**WORK REQUEST**
Below this line are records; write out exactly the lines from the one containing "Dooney and bourke" through the one containing "Cutie pentru prânz", with the pictures left out.

**DATA LISTING**
╭──

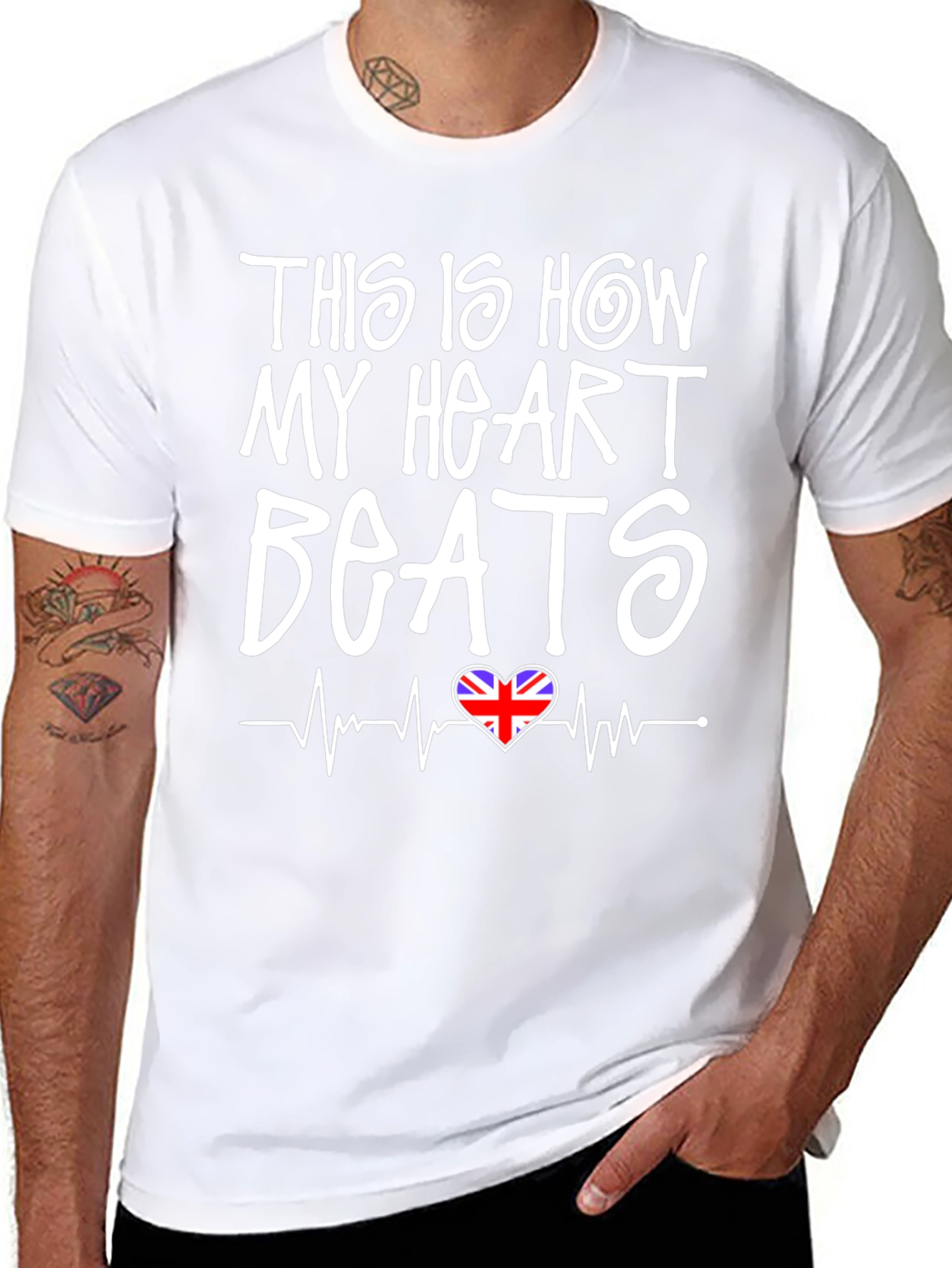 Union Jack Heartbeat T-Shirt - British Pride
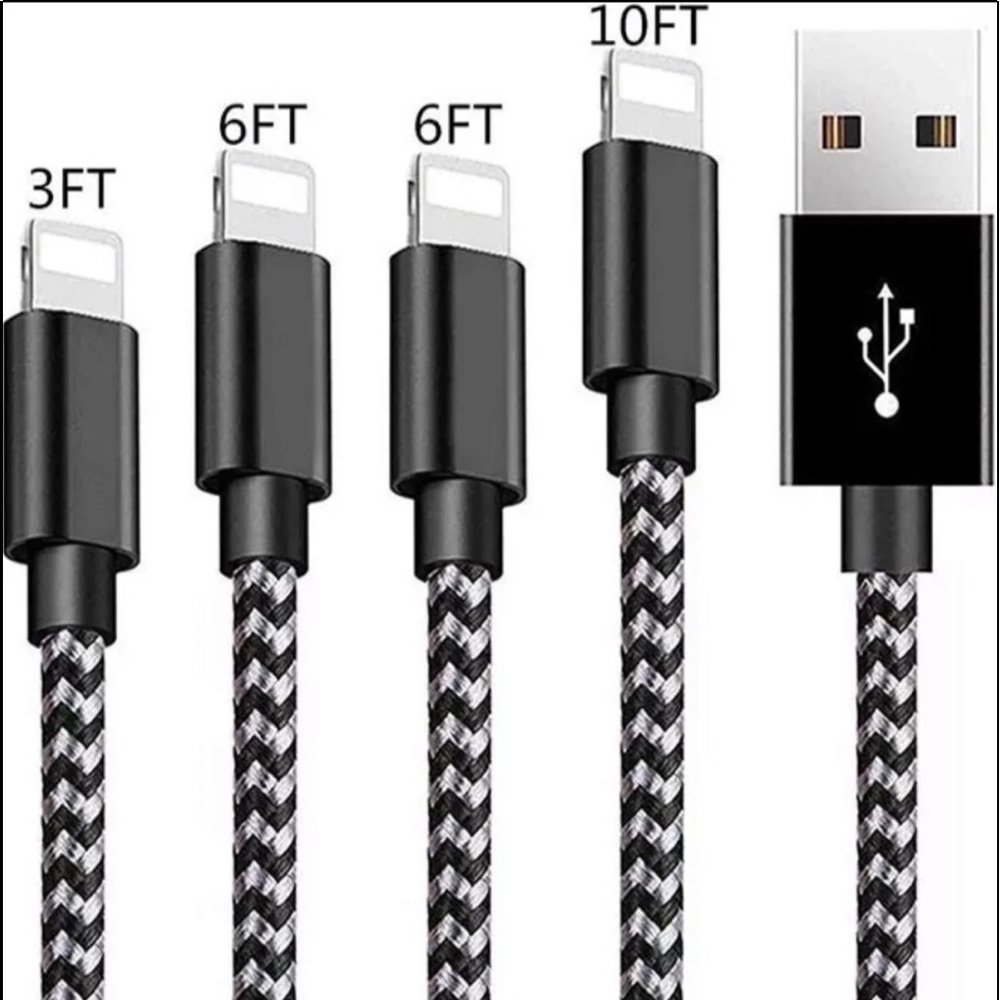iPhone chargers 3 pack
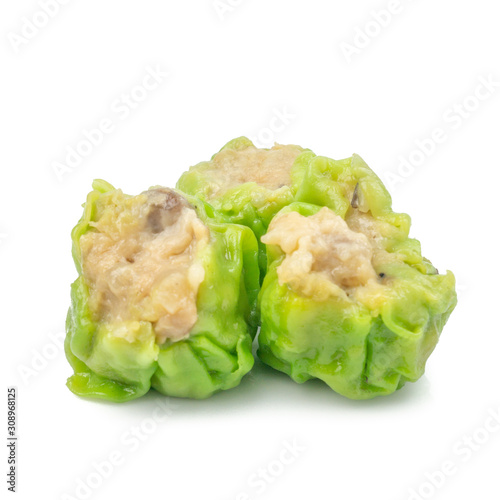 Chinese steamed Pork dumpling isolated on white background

╰──
╭──

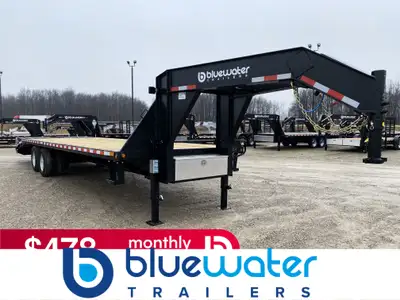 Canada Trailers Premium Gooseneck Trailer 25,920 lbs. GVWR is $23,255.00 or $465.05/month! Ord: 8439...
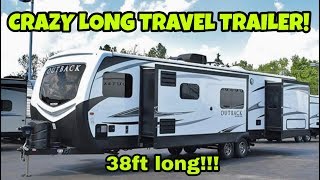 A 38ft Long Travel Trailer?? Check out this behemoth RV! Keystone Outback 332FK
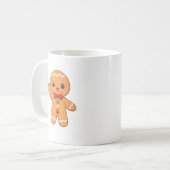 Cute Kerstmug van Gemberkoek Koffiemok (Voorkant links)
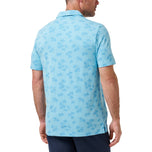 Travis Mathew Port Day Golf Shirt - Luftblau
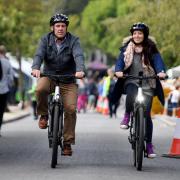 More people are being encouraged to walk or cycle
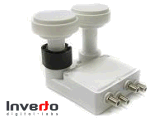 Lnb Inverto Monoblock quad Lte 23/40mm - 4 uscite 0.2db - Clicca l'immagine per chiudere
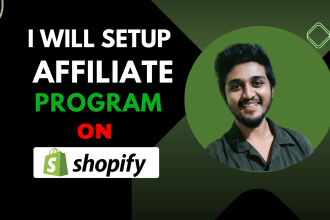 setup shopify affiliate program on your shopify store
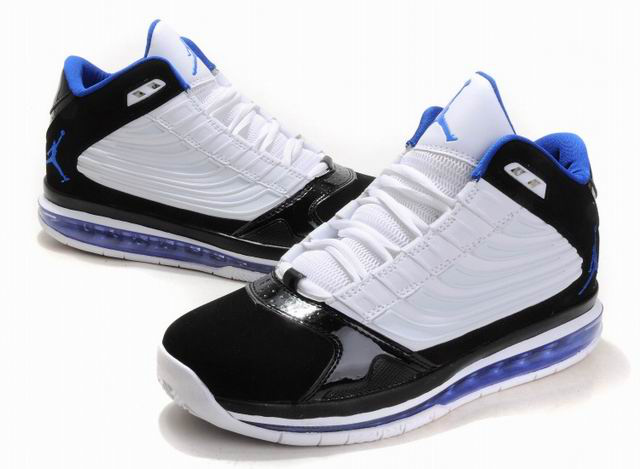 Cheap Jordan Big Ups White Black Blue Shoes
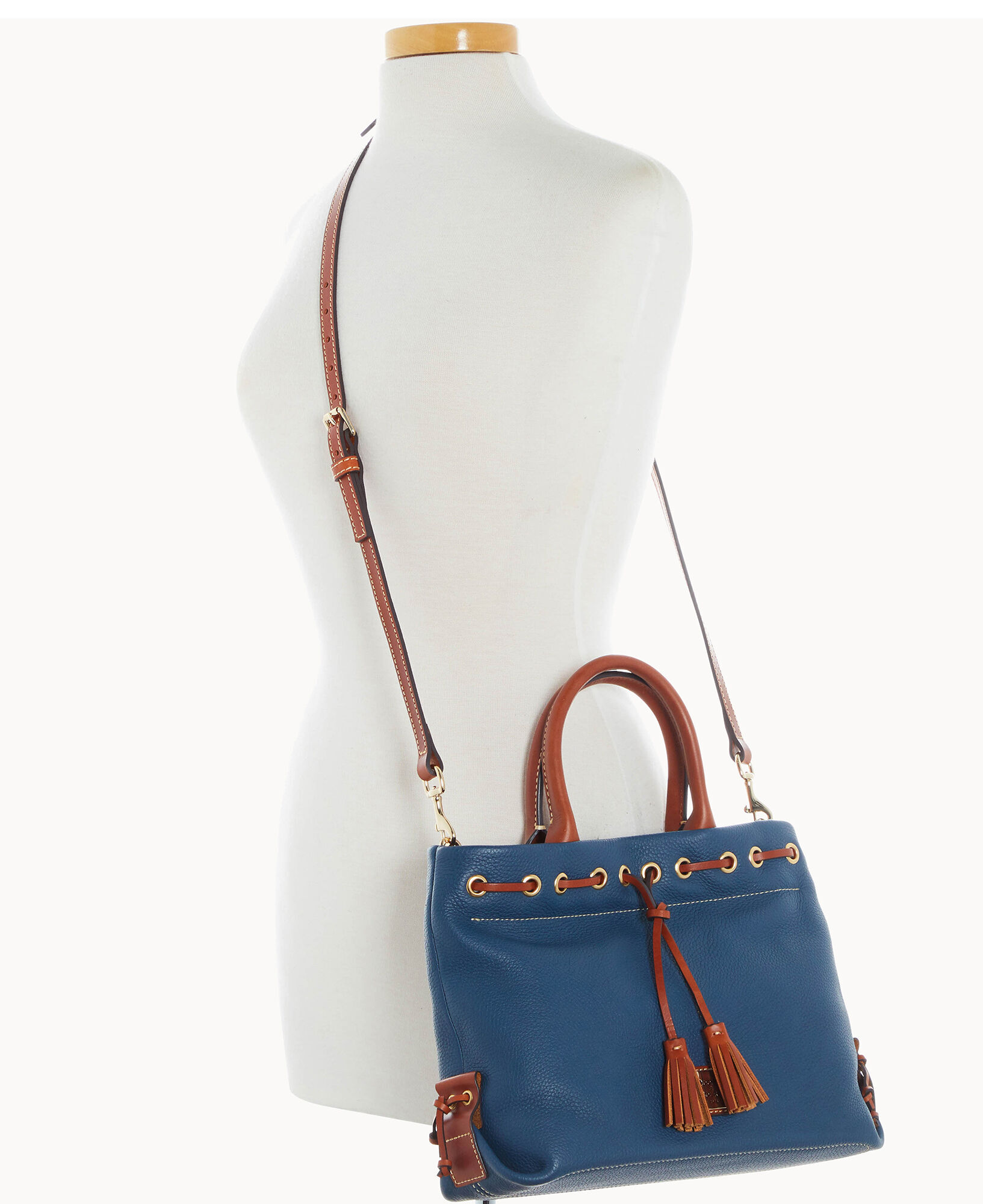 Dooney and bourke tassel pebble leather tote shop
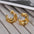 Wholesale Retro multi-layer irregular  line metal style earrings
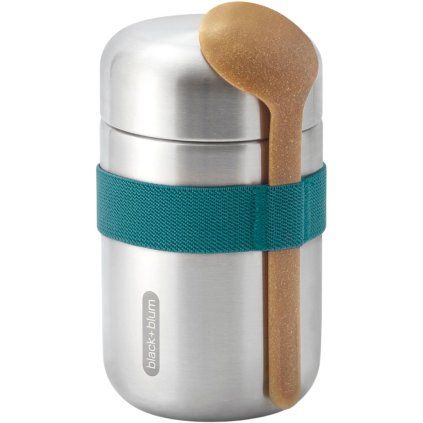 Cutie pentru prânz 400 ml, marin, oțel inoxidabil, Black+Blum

╰──
╭──

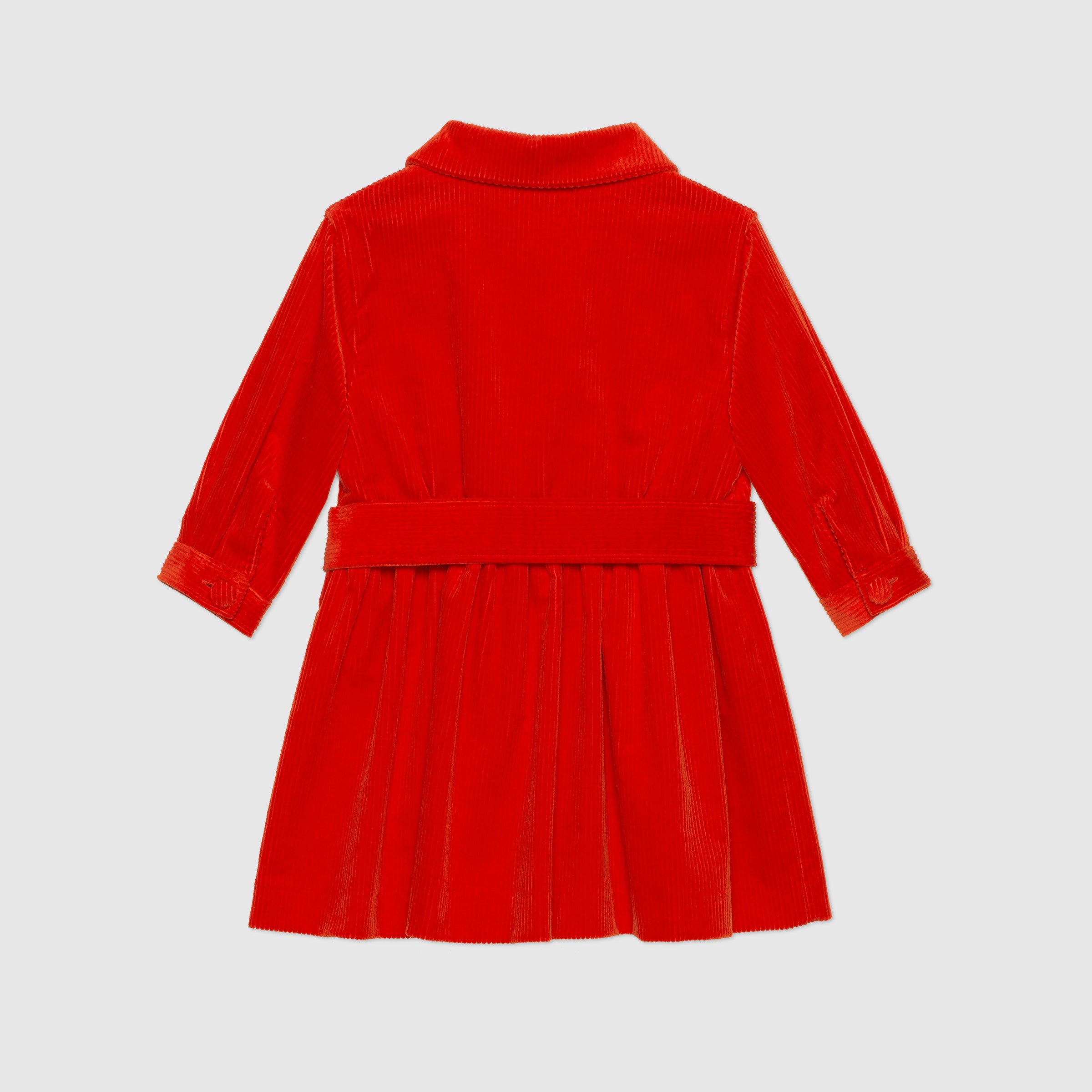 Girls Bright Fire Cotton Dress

╰──

**ANSWER FOR THIS EXERCISE**
 Dooney and bourke tassel pebble leather tote shop
 Wholesale Retro multi-layer irregular  line metal style earrings
 Cutie pentru prânz 400 ml, marin, oțel inoxidabil, Black+Blum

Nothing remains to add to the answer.